Page MenuHomePhabricator

Update our list of languages and variants.
Open, MediumPublic4 Estimated Story Points

Description

This is something that hasn't sat right with me for a while:

If we look at any article in Chinese (on desktop or mobile web), we are given an option to select the variant of Chinese for reading the article. The number of these variants is no less than six. So then, why do we offer only two variants in the app? Should we not also offer all the possible variants?

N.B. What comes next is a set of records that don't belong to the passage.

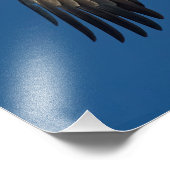 ソアリングイーグル フォトプリント            (角)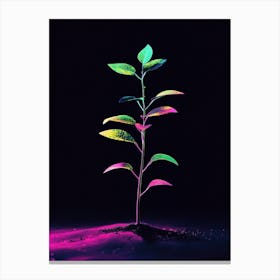 Neon Plant 18 Canvas Print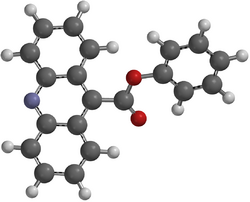 Phenyl 9-acridinecarboxylate 3D.png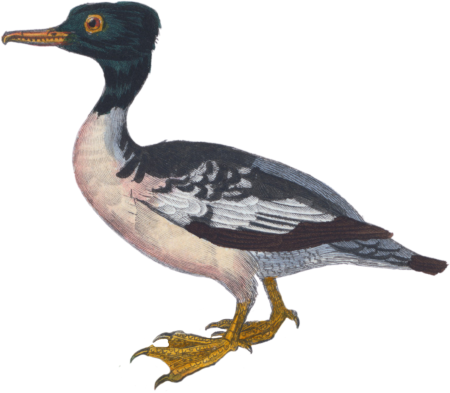 The Merganser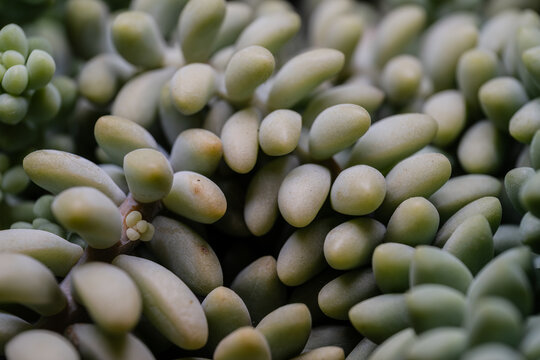 Sedum morganianum. The donkey tail plant 0726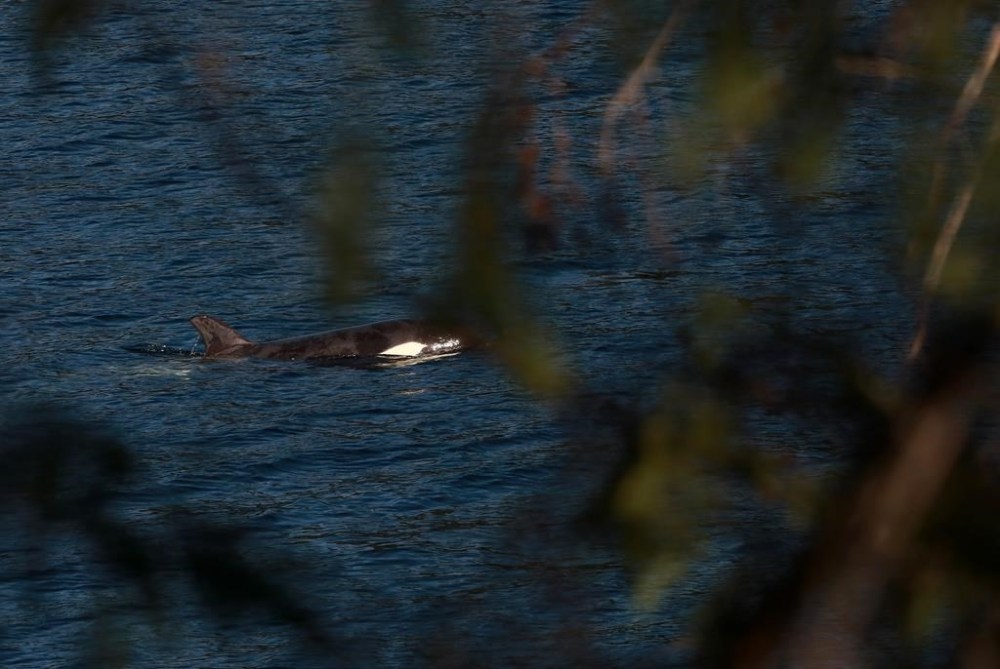 A reported sighting of an orca pod off Vancouver Island near where an orphan killer whale is spending her time after escaping from a lagoon has an expert expressing caution and downplaying a possible family reunion. A two-year-old female orca calf, named kwiisahi?is, or Brave Little Hunter, by the Ehattesaht First Nation, is spotted at the Little Espinosa Inlet near Zeballos, B.C., Friday, April 19, 2024. THE CANADIAN PRESS/Chad Hipolito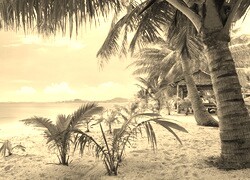 Szary + Sepia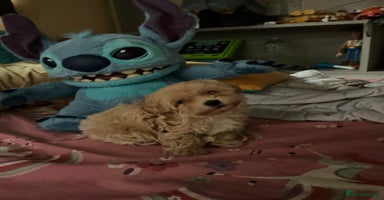 Maltipoo dogs - Advert 2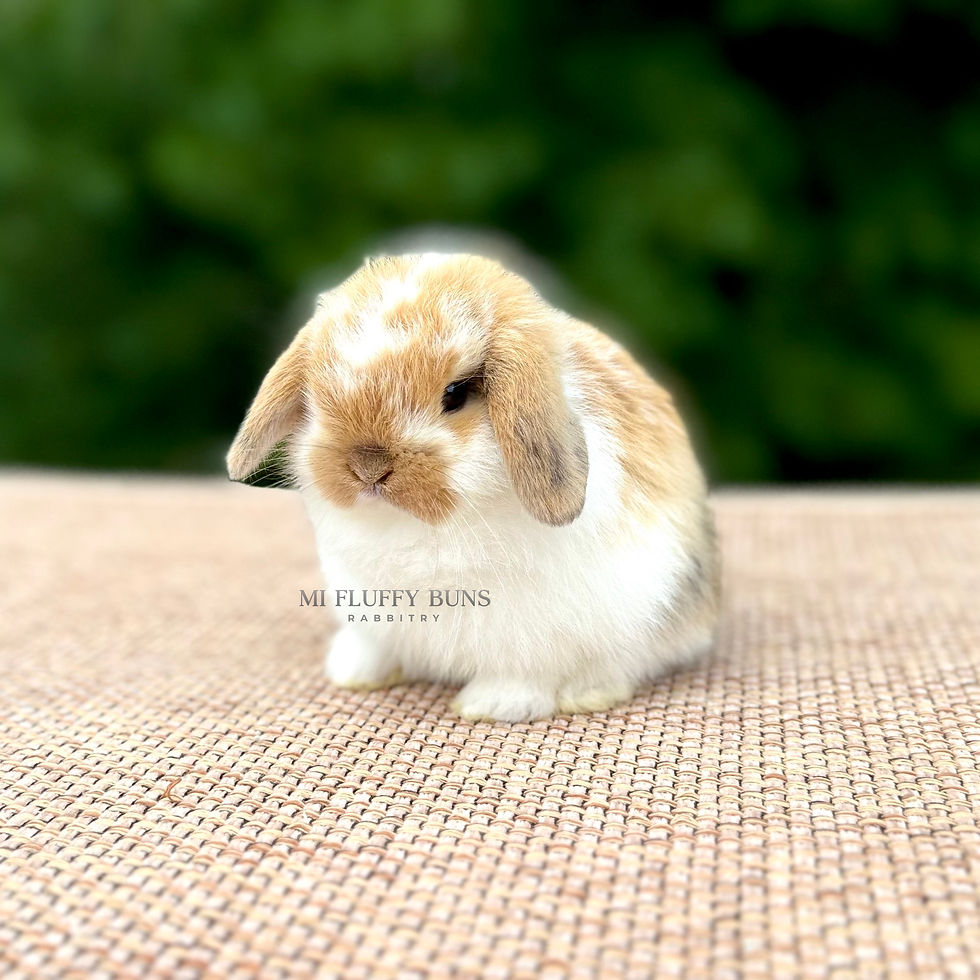 Thumbnail: Tucker *Non-Vienna* Torted Tricolor, Brown Eyes (Holland Lop Buck)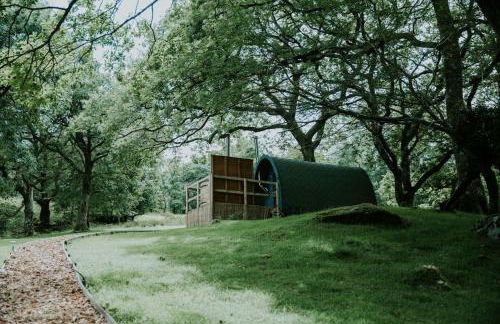 Willow Cabin & Hot Tub - Foto 7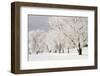 Frost-bcoulter-Framed Photographic Print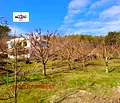 Снимка 3 — Парцел във Варна, м-т Горна Трака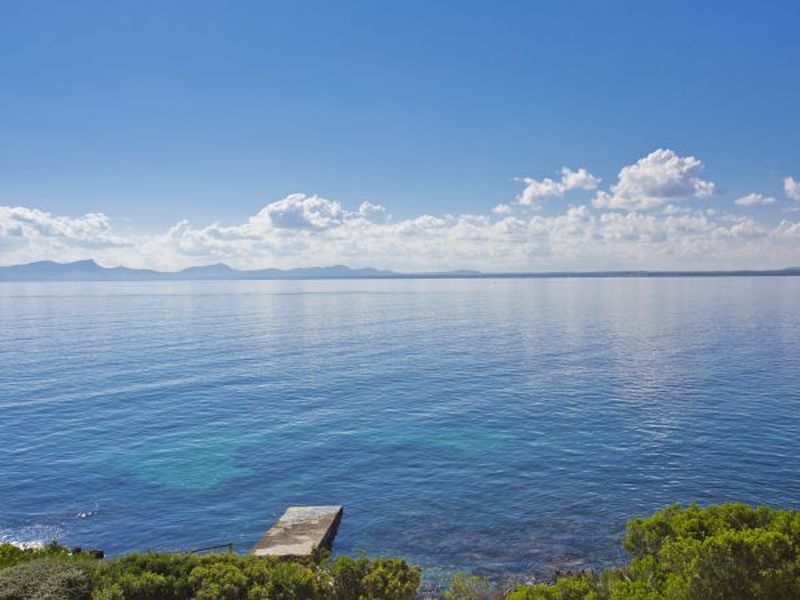 19045987-Ferienwohnung-6-Port de Pollença-800x600-0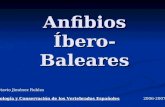 Anfibios Íbero-Baleares Octavio Jiménez Robles Biología y Conservación de los Vertebrados Españoles 2006-2007.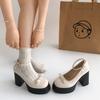 White French Retro Thick Heel High Heels Women's 2025 New Summer with Skirt Bow Mary Jane Single Shoes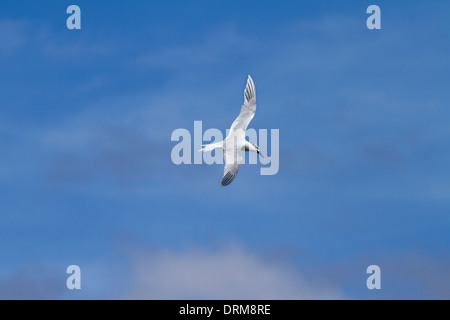 Sterne caugek (Thalasseus sandvicensis ) en vol Banque D'Images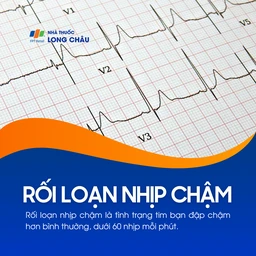 Rối loạn nhịp chậm 1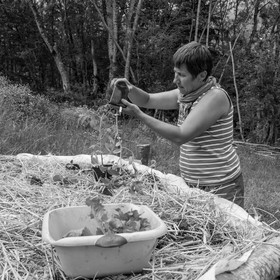 31 mai 2017 - Jardinage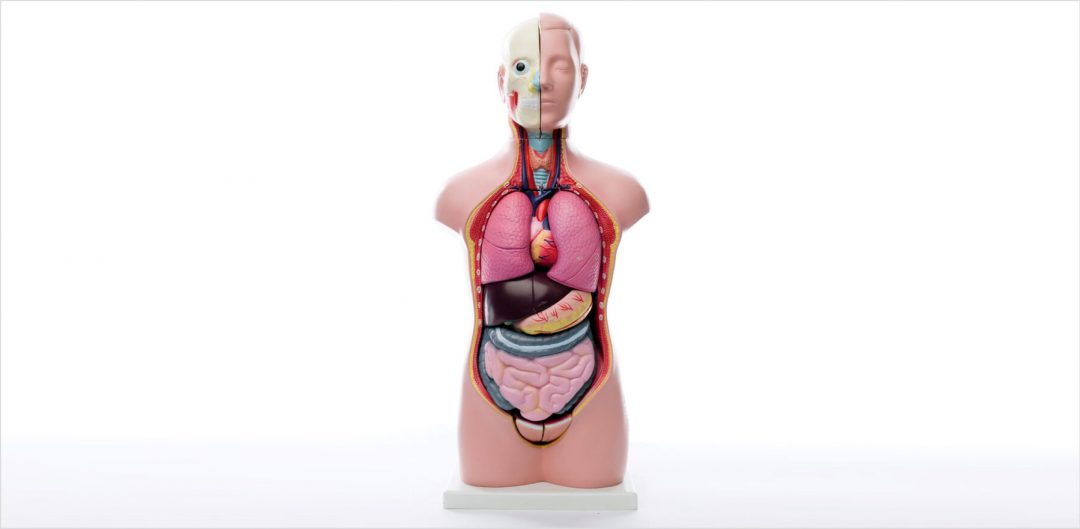 Human Torso Kit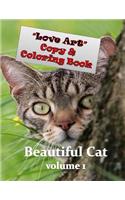 Love Art Copy & Coloring Book: Beautiful Cat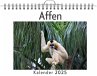 Affen - (Wandkalender 2025, Kalender... - Bild 1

The API that we currently use for building our list of languages is the sitematrix API:

https://en.wikipedia.org/w/api.php?action=sitematrix&format=json&smtype=language&smstate=all&smlangprop=code%7Cname%7Csite%7Cdir%7Clocalname&smsiteprop=url%7Cdbname%7Ccode%7Csitename%7Clang&formatversion=2

That API returns a list of sites (i.e. wikis), each with the base language for that wiki. And then we have special code for inserting the variants zh-hans and zh-hant for the case of zhwiki.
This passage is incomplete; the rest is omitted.